| What to produce |
Nothing other than an exact copy of the records should be returned.

| Materials provided |
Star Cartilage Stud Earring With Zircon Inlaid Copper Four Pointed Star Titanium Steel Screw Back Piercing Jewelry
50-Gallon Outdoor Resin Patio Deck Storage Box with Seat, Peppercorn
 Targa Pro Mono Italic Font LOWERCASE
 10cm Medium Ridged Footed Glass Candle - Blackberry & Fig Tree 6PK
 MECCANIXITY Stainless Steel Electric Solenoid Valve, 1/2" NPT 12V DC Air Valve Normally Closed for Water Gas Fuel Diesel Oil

| Your response |
Star Cartilage Stud Earring With Zircon Inlaid Copper Four Pointed Star Titanium Steel Screw Back Piercing Jewelry
50-Gallon Outdoor Resin Patio Deck Storage Box with Seat, Peppercorn
 Targa Pro Mono Italic Font LOWERCASE
 10cm Medium Ridged Footed Glass Candle - Blackberry & Fig Tree 6PK
 MECCANIXITY Stainless Steel Electric Solenoid Valve, 1/2" NPT 12V DC Air Valve Normally Closed for Water Gas Fuel Diesel Oil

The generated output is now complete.